In the most recent case of successful engagement with Zimra, a high-level meeting resulted in forging ahead with a recommendation by a Musina-based clearing agent that a second exit gate be used on the Zim side of the Limpopo River.
Although it’s too soon to tell, transporters reacted with immediate optimism that the measure would result in speedier truck movement – a recognised challenge at a border whose physical infrastructure seems out of kilter with demand when traffic volumes spike.
Theron added: “As recently as this past weekend, we have been collaborating with Zimra’s commissioner on solutions to current issues.”

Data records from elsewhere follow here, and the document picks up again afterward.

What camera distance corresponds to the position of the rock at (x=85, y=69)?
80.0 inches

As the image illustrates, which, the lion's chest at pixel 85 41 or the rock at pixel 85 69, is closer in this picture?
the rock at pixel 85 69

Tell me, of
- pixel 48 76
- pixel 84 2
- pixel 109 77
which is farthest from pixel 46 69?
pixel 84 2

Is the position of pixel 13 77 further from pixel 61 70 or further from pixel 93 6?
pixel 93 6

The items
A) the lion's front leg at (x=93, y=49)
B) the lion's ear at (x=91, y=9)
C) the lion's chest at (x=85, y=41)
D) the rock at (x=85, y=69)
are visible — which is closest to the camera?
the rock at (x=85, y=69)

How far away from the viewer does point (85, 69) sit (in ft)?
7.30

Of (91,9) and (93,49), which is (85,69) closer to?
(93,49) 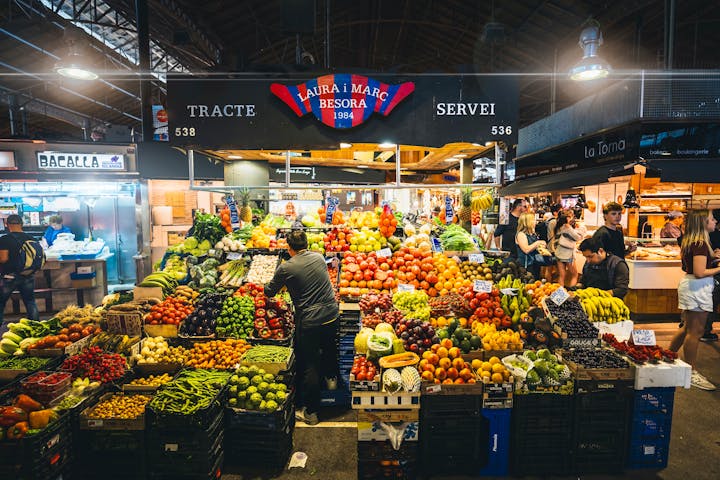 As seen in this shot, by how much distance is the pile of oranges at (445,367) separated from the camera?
11.1ft

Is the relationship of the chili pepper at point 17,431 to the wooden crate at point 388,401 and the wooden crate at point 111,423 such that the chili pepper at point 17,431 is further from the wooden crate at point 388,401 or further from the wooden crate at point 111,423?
the wooden crate at point 388,401

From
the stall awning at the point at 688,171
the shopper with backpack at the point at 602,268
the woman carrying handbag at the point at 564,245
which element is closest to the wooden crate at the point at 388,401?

In addition, a customs connectivity project is currently under way to establish single cross-border declaration through the Southern African Customs Union.
“We are sharing our experiences in this regard within the context of Southern African Development Community customs administrations, as well as the African Union, in order to improve the achievement of the African Continental Free Trade Area objectives.”
Theron’s comments should also be seen in light of a post yesterday in which Freight News reported that Sars had made it clear that it was not responsible for efficiencies outside the control zone at Beitbridge.
What was meant is that Sars could not be held responsible for the physical restrictions currently experienced at Beitbridge, an infrastructural concern some say dates back to Apartheid-era usage when traffic through the border was nowhere near what it is today.
The reason for Sars’ dissatisfaction with what was posted yesterday seems clear from the interventions it has instituted with the likes of Zimra to improve clearing.
It remains to be seen though whether efforts outside the control zone will result in enduring synergies.